Exercise instructions:
With the records below as your source, retype each line exactly from the top down to the line that contains "templo-ruinas-evora-portugal", and include that line.

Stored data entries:
────────
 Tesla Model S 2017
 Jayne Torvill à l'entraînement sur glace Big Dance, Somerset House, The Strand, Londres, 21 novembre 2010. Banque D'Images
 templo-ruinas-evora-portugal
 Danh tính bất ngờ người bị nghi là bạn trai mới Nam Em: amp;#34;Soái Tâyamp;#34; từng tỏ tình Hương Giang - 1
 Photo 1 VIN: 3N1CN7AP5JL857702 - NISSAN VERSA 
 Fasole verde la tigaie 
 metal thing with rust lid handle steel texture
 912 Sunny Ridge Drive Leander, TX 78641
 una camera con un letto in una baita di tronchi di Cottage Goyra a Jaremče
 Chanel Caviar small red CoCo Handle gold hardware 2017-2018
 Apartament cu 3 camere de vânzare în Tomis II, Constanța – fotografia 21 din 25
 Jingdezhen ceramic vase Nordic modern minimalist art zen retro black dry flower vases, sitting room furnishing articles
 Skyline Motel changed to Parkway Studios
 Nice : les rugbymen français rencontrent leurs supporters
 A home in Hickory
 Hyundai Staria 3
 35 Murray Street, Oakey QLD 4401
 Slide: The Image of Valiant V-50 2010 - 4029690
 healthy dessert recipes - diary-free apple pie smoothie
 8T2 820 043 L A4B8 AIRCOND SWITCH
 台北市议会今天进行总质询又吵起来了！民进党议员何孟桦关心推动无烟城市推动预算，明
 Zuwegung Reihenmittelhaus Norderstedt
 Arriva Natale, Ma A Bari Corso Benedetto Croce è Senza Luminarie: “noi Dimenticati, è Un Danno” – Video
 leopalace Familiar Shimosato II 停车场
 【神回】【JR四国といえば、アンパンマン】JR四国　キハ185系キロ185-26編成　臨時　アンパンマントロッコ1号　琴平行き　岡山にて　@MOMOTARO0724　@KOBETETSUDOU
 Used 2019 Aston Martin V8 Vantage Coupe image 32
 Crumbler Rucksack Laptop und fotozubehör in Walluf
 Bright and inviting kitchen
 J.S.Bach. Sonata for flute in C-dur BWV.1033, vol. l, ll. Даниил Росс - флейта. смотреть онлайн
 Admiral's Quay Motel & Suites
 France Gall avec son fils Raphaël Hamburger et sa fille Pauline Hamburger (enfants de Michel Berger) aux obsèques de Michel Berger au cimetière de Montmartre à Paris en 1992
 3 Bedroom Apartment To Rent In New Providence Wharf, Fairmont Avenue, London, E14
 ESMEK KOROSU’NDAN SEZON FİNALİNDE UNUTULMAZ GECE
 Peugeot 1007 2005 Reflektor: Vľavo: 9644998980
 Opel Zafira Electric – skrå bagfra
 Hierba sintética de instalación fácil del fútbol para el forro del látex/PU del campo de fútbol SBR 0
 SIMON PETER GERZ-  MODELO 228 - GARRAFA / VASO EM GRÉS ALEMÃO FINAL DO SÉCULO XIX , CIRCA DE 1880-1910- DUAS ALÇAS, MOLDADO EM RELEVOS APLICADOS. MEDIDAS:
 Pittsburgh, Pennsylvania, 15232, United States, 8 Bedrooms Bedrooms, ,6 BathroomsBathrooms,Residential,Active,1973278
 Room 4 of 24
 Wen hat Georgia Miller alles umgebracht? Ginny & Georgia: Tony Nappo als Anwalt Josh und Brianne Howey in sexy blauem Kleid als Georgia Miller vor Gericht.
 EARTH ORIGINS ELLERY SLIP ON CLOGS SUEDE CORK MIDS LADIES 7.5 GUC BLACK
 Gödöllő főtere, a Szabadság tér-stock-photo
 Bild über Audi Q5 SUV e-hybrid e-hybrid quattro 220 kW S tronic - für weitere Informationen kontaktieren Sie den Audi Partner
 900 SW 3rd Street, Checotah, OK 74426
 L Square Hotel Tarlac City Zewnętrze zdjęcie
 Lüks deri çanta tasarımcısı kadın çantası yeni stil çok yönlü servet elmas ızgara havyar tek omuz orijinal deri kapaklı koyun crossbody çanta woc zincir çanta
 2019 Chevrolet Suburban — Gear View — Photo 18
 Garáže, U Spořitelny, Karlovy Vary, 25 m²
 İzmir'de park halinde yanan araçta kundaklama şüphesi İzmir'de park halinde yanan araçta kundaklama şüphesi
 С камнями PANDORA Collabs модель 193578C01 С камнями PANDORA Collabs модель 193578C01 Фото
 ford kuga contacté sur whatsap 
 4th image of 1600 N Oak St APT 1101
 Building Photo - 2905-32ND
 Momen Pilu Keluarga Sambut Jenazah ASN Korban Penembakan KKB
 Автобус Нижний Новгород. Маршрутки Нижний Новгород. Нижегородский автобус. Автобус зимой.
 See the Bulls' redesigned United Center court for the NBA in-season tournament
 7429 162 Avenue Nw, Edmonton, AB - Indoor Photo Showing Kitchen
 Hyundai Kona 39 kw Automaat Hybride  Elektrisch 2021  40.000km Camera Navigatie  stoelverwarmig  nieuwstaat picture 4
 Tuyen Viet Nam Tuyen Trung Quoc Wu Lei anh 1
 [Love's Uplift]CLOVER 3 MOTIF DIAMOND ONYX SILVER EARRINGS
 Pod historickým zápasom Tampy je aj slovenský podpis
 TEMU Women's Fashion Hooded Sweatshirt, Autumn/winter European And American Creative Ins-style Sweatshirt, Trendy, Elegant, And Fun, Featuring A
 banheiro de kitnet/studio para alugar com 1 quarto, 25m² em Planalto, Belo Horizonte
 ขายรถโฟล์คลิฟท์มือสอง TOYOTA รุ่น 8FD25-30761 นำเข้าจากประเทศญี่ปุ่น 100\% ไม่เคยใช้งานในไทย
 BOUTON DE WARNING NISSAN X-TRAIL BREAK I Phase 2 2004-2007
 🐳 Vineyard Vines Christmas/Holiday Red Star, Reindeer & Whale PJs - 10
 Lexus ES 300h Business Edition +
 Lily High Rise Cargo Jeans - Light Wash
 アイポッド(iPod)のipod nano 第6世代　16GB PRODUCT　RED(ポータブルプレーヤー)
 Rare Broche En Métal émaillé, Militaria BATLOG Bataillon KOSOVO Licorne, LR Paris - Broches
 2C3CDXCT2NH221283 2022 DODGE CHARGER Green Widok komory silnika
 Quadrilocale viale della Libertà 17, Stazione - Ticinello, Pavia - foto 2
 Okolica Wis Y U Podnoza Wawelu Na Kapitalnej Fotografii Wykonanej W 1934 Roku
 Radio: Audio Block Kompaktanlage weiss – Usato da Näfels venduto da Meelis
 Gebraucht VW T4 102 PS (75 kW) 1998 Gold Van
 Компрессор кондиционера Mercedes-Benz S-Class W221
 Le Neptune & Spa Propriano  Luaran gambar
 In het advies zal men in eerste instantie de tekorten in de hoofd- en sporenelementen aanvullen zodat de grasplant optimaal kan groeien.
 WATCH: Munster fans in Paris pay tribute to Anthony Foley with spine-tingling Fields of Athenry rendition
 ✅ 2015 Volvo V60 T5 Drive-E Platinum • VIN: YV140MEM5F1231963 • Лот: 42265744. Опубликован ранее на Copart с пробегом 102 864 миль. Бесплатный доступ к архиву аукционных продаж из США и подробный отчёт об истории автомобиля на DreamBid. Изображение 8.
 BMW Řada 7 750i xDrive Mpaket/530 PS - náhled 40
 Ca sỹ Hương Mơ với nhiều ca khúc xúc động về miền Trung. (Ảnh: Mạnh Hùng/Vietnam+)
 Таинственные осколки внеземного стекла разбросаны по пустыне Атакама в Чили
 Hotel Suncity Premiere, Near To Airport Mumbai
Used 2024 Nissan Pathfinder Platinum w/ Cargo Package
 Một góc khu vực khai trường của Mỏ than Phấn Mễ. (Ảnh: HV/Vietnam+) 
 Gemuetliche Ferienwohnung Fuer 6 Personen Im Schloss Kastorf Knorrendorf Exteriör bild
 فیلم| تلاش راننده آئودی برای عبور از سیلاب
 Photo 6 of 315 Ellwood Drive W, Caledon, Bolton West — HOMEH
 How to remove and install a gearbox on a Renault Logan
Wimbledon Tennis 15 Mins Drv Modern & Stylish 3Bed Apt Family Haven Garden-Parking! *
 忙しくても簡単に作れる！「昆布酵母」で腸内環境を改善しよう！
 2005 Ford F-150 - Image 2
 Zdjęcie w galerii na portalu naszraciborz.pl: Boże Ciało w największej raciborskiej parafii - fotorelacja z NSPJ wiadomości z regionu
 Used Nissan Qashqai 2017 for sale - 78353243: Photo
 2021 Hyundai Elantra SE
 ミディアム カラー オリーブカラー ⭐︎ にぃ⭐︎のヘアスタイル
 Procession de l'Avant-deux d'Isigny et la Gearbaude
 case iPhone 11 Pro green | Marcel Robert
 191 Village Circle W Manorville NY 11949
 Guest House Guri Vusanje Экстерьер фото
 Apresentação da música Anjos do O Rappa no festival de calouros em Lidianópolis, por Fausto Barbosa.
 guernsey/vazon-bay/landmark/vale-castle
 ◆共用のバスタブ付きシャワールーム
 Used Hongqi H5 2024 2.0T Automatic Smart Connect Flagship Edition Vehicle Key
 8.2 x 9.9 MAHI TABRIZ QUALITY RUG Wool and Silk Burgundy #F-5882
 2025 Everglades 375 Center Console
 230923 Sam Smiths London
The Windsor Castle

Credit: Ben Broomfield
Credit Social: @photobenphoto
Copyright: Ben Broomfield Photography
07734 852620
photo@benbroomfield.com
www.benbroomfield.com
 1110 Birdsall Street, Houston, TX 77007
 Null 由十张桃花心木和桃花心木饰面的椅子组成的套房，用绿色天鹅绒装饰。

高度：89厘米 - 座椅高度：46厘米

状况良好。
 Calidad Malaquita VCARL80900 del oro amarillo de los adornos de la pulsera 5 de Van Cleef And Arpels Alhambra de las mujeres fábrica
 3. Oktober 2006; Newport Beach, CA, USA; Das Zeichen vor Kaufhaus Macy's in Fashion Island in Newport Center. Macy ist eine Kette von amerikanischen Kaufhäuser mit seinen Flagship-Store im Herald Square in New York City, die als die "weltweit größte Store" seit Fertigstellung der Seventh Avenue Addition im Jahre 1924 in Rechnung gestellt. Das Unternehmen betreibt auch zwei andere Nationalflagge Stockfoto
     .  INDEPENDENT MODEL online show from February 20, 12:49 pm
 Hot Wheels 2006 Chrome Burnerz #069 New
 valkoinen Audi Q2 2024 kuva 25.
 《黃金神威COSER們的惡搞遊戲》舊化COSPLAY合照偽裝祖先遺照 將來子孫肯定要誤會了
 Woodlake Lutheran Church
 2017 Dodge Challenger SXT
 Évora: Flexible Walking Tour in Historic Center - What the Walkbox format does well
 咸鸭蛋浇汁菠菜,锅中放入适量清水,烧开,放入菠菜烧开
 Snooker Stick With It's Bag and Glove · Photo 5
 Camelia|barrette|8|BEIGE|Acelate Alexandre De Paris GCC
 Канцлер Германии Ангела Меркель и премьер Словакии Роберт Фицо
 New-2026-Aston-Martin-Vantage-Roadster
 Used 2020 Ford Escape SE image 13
────────
Task solution:
 Tesla Model S 2017
 Jayne Torvill à l'entraînement sur glace Big Dance, Somerset House, The Strand, Londres, 21 novembre 2010. Banque D'Images
 templo-ruinas-evora-portugal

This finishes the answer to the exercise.